Para os Globos de Ouro, o Melhor Filme Dramático de 2018 é Bohemian Rhapsody. É um filme que não tem bem um realizador. Quer dizer, Bryan Singer, que foi despedido a meio da rodagem por não aparecer a tempo e horas nas filmagens e por ter entrado em conflito com Rami Malek, o protagonista, está creditado como realizador. Porém, foi Dexter Fletcher quem completou o biopic de Freddie Mercury, e o nome de Singer, que também foi acusado de abuso sexual de menores, foi mantido fora dos agradecimentos tanto dos produtores, quando o filme venceu o último prémio da noite deste domingo, quanto de Rami Malek, quando recebeu a estatueta de Melhor Actor num drama.

Foi um dos momentos mais bizarros da 76.ª edição dos Globos de Ouro, uma cerimónia com um ritmo no mínimo estranho e que não passou na televisão portuguesa. O filme mais galardoado da noite foi Green Book — Um Guia para a Vida, de Peter Farrelly, que só se estreará nas salas portuguesas no dia 24, com três estatuetas, de Melhor Argumento, Melhor Filme — Musical ou Comédia, e Melhor Actor Secundário na mesma categoria, para Mahershala Ali. Roma, o filme Netflix de Alfonso Cuarón, não estava nomeado para Melhor Filme Dramático por ser em espanhol, mas arrecadou dois prémios, um para o realizador e outro para o Melhor Filme em Língua Estrangeira. Todos terão boas hipóteses quando forem anunciadas, a 22 de Janeiro, as nomeações para os Óscares.

As caras da mudança

A apresentação de Sandra Oh e Andy Samberg começou algo tépida, com um pretenso roast das celebridades que se encontravam na sala. A primeira leva de piadas seguiu o mesmo mecanismo que Samberg tinha utilizado em 2013, quando participou no Comedy Central Roast de James Franco: fingir que se vai dizer algo extremamente agressivo e ofensivo para uma pessoa e depois elogiá-la de forma fofa.

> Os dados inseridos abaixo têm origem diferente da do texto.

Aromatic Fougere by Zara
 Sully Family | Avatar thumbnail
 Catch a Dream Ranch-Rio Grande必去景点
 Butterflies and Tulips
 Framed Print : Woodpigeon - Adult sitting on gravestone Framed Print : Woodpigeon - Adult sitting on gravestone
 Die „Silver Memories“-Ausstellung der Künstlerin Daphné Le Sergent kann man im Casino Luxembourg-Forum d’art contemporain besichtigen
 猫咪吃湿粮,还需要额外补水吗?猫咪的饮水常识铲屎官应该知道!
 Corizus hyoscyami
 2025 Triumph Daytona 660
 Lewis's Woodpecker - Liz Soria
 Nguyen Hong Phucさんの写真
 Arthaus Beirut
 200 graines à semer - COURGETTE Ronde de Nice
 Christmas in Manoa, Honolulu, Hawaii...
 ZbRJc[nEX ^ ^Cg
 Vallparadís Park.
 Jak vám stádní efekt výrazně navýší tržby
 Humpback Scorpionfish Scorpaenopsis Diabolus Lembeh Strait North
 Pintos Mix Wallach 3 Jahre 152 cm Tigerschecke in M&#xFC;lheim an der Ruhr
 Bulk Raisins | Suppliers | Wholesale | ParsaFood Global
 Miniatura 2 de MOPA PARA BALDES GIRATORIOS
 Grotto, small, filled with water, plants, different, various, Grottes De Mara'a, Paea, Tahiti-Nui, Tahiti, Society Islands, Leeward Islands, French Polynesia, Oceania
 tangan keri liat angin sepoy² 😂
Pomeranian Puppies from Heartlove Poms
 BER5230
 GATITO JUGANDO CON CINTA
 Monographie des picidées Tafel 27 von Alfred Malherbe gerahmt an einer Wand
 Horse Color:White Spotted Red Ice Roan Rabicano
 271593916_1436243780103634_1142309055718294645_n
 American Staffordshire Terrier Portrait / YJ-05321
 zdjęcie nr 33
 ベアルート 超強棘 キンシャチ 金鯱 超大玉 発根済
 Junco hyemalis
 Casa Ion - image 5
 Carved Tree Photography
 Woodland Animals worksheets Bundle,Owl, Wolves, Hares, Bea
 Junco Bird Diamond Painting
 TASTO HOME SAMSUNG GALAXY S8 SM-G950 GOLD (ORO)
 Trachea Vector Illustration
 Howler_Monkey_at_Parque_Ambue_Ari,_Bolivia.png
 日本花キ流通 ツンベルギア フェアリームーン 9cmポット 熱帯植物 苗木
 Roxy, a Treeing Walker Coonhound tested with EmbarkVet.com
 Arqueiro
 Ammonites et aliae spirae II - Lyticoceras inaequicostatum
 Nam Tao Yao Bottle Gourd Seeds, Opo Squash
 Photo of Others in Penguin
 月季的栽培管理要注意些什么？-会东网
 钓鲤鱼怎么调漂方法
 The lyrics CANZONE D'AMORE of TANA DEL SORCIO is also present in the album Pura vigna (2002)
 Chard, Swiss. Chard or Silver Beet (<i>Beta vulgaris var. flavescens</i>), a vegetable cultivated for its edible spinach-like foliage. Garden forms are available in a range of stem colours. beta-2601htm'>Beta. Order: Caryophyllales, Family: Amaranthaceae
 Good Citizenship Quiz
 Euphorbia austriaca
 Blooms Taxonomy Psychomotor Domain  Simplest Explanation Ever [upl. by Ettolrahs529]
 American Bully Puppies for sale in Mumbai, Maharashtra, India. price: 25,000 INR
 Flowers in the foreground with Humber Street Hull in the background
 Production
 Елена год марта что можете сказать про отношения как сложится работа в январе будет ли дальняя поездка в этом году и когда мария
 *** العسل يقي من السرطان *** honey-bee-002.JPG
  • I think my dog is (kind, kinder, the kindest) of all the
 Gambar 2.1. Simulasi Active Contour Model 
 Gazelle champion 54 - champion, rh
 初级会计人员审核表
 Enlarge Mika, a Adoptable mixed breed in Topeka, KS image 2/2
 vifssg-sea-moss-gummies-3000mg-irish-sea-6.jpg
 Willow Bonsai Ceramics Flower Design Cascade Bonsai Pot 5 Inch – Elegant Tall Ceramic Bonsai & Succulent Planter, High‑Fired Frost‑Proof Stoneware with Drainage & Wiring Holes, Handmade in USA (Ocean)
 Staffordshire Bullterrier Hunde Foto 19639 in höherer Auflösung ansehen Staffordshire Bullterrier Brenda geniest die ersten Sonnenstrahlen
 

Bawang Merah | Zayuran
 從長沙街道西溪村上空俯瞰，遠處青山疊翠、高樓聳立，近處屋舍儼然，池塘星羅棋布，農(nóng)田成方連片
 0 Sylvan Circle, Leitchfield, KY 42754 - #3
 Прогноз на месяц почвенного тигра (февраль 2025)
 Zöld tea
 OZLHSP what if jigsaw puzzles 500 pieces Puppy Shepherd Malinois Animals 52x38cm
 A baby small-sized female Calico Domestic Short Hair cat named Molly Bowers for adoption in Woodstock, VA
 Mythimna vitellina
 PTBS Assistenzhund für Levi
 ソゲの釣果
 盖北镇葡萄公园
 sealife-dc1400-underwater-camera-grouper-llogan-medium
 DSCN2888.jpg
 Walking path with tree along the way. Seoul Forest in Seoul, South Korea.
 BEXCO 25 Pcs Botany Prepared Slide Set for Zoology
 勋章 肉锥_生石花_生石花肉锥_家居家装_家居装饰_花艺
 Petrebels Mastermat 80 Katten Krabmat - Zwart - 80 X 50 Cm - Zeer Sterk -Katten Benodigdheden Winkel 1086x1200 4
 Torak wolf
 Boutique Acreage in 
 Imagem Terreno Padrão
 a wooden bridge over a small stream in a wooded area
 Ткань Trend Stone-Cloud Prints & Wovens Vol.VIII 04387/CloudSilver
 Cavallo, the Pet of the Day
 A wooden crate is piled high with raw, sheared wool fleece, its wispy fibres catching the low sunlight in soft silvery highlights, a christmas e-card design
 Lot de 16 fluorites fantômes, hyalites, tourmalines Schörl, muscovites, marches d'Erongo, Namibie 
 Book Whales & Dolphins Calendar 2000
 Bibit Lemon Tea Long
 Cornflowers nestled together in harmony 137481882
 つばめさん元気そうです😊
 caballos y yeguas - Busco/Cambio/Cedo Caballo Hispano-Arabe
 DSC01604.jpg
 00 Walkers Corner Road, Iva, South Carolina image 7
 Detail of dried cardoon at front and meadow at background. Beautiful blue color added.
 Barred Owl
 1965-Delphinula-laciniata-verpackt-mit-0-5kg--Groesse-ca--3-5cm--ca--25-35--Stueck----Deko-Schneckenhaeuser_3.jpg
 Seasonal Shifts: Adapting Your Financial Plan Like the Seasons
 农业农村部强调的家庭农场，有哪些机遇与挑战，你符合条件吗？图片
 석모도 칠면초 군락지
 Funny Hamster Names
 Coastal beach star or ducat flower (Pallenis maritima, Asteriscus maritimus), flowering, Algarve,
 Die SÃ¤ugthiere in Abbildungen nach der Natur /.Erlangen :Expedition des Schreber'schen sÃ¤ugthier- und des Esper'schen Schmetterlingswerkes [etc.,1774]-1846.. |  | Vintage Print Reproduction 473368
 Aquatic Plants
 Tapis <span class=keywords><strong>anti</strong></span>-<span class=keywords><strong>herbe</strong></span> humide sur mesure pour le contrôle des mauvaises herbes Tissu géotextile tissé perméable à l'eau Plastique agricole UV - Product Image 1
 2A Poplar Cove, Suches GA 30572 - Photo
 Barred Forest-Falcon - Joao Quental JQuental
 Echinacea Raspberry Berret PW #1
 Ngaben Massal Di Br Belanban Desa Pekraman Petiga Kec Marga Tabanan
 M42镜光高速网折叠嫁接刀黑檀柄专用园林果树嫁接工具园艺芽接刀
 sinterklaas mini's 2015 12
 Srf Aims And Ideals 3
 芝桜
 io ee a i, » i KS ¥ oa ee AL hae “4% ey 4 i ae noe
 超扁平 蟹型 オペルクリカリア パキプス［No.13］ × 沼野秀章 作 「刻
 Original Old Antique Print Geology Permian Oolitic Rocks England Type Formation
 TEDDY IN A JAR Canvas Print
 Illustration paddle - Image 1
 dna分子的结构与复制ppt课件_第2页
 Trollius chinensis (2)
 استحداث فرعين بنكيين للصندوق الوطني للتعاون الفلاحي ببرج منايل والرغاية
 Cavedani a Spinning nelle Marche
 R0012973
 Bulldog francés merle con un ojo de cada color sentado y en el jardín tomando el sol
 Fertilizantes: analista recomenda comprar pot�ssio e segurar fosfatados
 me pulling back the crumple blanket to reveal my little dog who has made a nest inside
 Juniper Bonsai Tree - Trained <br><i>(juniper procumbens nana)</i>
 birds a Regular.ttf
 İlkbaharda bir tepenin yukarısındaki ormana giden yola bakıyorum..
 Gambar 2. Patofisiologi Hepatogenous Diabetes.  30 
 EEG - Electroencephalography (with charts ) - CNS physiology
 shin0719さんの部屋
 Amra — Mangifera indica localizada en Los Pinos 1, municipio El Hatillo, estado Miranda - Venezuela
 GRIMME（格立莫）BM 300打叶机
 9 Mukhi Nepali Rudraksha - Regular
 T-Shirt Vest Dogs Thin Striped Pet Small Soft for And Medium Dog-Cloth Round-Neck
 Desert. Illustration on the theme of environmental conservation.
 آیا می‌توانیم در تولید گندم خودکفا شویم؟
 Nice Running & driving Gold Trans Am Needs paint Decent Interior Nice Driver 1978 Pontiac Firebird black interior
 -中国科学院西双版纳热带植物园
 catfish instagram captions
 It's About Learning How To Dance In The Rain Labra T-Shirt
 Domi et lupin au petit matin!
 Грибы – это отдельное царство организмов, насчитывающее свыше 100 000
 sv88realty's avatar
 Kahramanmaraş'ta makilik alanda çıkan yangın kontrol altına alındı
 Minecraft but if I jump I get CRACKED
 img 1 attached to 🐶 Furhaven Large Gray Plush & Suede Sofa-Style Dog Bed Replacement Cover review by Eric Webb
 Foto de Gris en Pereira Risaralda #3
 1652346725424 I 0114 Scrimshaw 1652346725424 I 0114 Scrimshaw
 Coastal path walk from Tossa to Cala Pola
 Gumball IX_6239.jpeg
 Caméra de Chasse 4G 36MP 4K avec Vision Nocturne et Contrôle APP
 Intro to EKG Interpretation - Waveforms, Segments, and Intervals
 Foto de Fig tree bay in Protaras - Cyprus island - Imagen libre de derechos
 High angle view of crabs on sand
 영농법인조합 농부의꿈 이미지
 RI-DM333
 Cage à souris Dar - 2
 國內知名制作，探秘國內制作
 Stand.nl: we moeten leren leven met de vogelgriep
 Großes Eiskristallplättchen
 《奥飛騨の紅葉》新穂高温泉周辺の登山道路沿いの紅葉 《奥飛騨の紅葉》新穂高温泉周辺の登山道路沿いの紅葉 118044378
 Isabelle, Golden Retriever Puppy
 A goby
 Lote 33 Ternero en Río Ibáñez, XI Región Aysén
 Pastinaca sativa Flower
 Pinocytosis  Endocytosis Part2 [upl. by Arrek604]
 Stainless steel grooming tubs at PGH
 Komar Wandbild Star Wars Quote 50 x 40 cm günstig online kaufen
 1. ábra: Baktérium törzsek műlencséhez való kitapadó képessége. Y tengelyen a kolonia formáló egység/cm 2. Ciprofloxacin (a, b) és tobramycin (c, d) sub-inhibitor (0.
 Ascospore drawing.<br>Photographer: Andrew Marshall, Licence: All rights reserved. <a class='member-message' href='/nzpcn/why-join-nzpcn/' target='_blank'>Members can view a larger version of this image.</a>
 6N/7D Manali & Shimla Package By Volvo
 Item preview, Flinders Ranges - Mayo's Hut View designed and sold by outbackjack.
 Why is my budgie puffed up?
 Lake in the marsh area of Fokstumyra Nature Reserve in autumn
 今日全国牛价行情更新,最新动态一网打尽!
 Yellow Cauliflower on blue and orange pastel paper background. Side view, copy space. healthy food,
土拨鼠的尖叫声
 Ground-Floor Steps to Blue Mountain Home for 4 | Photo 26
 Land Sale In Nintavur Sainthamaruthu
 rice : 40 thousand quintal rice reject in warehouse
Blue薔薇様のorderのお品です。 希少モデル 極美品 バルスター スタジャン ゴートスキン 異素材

Os anfitriões foram melhorando. Houve espaço para piadas algo arriscadas — e nem sempre bem recebidas na sala. Não é todos os dias que, na apresentação destas cerimónias, ouvimos menções ao facto de membros do grupo revolucionário Black Panthers terem sido incriminados e assassinados por quererem justiça e igualdade, em segmentos que acabam por concluir “o mundo é e sempre foi um pesadelo, só parece pior agora por causa dos nossos telefones” (a reacção de Ryan Coogler, o realizador de Black Panther, pretexto para esse momento, não foi efusiva). 

Também houve tempo para, enaltecendo Crazy Rich Asians, comédia que não se estreou nos cinemas portugueses, atacar a tendência de Hollywood de pôr actrizes brancas a fazerem papéis que eram de pessoas asiáticas, como Scarlett Johansson em Ghost in the Shell — Agente do Futuro e Emma Stone em Aloha, o que levou esta última actriz a soltar um audível — mas não visível, já que a realização, que não foi exímia, não a mostrou — pedido de desculpas. E ainda para gozar com o facto de Hollywood, quando é preciso alguém para realizar filmes de grande orçamento, escolher quase sempre homens e raramente mulheres.

Subitamente, Sandra Oh mudou o tom da apresentação do humorístico para o sério, falando de um “momento de mudança”, protagonizado por muitas das caras visíveis na sala. A actriz canadiana, que se tornou a primeira pessoa de origem asiática a apresentar uma cerimónia do género em Hollywood, viria a tornar-se, durante o serão, a primeira pessoa asiática a ganhar mais do que um Globo de Ouro, pelo seu papel em Killing Eve —​ a série de Phoebe Waller-Bridge que ainda não teve estreia em Portugal.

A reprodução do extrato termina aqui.